Yaşadığınız ilişkileri, karmaşaları, farklı taraflardan dinlediğinizde değişen bakış açılarını bir düşünün… Hiçbir hikâye tek başına görünürdeki o hikâyeyi açıklamaya yetmez, özüne ulaşana dek katman katman yapraklarla örtülüdür hikâyelerimiz. Paula Rego işte en çok bu yüzden 20 ve 21. yüzyıl kesişimindeki en önemli sanatçılarından biriydi, çünkü kendi karmaşık öyküsünü sanatı yoluyla özüne ulaştırmaya çabalarken Batı Avrupa’nın ve kadınlık tarihinin de bir bölümüne aynısını yapmakla meşguldü. Bu nedenle “Hikâyelerin Hikâyesi” kusursuz bir isimlendirme.

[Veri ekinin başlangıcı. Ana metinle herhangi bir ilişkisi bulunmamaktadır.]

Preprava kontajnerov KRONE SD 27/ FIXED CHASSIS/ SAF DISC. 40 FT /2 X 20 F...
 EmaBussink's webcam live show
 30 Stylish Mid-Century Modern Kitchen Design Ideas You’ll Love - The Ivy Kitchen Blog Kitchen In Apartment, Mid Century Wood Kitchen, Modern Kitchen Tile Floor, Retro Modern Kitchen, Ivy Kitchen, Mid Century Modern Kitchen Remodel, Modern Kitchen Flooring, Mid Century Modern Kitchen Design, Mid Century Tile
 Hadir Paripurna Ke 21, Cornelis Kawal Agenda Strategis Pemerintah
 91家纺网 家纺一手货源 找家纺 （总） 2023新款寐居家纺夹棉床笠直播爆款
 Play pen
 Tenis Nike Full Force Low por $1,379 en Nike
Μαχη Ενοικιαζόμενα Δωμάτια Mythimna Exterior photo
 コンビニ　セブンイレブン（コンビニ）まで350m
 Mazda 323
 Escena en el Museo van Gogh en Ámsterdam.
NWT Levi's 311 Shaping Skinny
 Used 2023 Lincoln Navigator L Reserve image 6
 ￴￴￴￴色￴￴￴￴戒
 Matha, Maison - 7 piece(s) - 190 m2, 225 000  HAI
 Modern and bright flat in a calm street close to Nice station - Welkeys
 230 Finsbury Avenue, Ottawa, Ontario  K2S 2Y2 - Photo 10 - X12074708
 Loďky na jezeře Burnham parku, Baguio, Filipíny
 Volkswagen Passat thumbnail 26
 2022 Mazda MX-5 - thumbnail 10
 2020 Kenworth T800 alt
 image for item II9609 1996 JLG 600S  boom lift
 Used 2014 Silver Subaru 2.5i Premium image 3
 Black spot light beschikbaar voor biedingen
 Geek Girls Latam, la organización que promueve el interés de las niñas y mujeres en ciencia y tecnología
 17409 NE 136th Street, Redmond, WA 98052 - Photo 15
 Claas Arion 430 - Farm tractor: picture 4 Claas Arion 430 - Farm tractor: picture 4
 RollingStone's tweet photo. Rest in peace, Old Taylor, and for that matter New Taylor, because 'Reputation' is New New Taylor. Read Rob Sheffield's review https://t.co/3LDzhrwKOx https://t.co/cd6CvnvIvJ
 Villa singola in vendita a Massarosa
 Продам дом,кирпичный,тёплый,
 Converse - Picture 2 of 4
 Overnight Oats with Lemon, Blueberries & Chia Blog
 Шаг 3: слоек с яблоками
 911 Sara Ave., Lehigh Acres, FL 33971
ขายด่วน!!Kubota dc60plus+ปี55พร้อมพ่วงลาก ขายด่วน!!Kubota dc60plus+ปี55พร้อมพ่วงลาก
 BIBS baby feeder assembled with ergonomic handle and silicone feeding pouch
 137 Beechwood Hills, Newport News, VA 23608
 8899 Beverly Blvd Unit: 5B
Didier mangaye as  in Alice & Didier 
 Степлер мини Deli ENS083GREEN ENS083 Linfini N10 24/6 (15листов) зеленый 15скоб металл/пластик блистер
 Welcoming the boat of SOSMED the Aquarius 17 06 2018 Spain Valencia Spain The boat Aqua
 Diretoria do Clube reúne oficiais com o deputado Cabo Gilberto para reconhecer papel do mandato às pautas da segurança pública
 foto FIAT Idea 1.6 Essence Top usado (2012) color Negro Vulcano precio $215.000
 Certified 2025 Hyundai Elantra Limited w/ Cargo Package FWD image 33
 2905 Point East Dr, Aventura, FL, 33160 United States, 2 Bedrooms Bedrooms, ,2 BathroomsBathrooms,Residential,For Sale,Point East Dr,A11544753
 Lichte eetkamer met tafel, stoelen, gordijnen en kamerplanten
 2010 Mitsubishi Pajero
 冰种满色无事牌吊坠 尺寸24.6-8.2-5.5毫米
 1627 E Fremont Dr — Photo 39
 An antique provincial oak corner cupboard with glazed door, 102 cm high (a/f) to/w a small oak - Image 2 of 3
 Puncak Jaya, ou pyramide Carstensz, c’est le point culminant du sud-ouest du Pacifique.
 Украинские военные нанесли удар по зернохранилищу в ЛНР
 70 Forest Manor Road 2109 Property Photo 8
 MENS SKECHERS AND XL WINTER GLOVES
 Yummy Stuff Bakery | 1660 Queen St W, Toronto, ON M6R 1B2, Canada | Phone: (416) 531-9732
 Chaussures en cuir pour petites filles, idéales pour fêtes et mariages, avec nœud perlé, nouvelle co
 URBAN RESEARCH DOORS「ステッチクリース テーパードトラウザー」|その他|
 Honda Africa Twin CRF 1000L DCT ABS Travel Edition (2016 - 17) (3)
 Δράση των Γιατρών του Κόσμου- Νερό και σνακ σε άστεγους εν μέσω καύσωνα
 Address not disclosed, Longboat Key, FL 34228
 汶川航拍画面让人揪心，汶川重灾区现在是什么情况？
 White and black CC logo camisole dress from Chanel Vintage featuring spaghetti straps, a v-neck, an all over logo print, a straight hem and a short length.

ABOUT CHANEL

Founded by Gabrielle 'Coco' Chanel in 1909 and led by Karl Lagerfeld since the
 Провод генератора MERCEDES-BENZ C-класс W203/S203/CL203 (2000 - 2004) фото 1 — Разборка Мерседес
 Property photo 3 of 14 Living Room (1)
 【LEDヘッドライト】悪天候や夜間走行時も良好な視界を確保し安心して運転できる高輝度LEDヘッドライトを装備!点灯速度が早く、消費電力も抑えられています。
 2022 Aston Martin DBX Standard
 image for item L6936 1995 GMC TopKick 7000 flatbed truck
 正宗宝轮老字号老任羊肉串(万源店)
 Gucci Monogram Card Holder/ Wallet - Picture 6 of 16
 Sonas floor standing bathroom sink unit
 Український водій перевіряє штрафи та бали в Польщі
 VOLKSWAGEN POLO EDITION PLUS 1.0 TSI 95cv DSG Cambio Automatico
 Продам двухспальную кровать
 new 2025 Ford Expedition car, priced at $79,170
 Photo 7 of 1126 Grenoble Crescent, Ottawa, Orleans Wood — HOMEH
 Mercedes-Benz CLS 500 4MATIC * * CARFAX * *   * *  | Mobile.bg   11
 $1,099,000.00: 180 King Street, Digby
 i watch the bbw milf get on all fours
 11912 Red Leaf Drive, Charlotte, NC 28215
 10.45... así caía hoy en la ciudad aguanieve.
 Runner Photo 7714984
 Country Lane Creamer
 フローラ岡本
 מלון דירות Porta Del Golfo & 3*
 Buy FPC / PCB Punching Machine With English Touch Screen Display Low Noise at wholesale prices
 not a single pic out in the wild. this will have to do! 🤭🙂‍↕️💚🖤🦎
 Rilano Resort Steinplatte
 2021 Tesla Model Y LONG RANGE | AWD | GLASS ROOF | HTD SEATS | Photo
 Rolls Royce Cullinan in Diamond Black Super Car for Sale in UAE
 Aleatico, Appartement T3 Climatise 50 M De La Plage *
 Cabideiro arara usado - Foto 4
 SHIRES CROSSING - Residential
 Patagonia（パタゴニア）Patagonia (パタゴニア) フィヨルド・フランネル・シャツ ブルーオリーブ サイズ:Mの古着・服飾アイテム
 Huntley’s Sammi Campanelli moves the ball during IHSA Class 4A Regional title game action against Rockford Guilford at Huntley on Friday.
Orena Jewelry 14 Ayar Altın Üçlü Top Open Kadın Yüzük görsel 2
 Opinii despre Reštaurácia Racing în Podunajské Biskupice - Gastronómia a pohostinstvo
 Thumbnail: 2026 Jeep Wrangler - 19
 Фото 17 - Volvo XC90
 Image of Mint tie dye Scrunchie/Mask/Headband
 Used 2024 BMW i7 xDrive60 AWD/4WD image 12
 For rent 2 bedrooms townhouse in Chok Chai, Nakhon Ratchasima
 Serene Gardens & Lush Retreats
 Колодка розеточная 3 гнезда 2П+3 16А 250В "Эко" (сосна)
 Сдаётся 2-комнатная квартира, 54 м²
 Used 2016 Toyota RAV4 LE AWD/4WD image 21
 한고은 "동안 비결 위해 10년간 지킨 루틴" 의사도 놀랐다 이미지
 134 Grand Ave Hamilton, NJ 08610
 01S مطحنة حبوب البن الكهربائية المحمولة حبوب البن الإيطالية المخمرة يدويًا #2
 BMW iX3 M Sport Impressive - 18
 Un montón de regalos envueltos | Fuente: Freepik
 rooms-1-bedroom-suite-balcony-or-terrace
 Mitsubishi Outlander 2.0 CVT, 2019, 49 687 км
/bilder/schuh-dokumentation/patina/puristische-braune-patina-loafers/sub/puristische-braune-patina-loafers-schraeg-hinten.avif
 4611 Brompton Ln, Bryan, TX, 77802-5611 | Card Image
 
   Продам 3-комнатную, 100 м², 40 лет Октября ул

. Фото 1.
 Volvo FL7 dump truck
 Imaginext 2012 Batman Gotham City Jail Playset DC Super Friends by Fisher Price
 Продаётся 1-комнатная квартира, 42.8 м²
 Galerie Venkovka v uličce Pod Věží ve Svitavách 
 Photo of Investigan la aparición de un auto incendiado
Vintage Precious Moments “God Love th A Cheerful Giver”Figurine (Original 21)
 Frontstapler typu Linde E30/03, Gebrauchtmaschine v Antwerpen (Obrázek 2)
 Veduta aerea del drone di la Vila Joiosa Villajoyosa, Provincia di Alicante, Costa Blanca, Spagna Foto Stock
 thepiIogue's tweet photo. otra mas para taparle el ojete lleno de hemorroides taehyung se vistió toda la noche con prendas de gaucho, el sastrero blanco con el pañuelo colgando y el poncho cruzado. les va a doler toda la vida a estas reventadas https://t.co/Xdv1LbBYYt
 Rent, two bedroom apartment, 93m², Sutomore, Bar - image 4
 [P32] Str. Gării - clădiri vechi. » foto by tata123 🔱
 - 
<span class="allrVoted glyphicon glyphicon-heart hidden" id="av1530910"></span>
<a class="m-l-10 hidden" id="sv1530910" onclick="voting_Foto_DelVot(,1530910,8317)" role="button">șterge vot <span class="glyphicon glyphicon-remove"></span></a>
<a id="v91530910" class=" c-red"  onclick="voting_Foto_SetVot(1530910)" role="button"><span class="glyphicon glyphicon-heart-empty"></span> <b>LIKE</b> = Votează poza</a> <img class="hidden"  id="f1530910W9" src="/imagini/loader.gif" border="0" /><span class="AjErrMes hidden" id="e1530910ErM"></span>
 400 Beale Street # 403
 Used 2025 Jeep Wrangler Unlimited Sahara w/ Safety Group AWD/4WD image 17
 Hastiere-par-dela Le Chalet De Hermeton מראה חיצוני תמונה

Pera Müzesi’nde bugüne dek birbirinden unutulmaz sergiler gezdik; Akira Kurosawa, Frida Kahlo, Grayson Perry, Miro… Bunlar hatırladığım ve hafızama mıhlanmış olanlar yalnızca, Paula Rego da bu sönmeyen yıldızlarından biri olarak Pera Müzesi tarihinde yer alacak elbette. Alistair Hicks’in küratörlüğünü yaptığı sergi, Rego’nun sıra dışı yaşamını izlemek, bu esnada faşist hükümetlerden, Britanya siyasal ve sosyal tarihine bakmaya fırsat veren, kadın olmanın karmaşık doğasına ve haklarına uzanan dikenli yollara göz atmaya yardım eden koca bir “hikâye”.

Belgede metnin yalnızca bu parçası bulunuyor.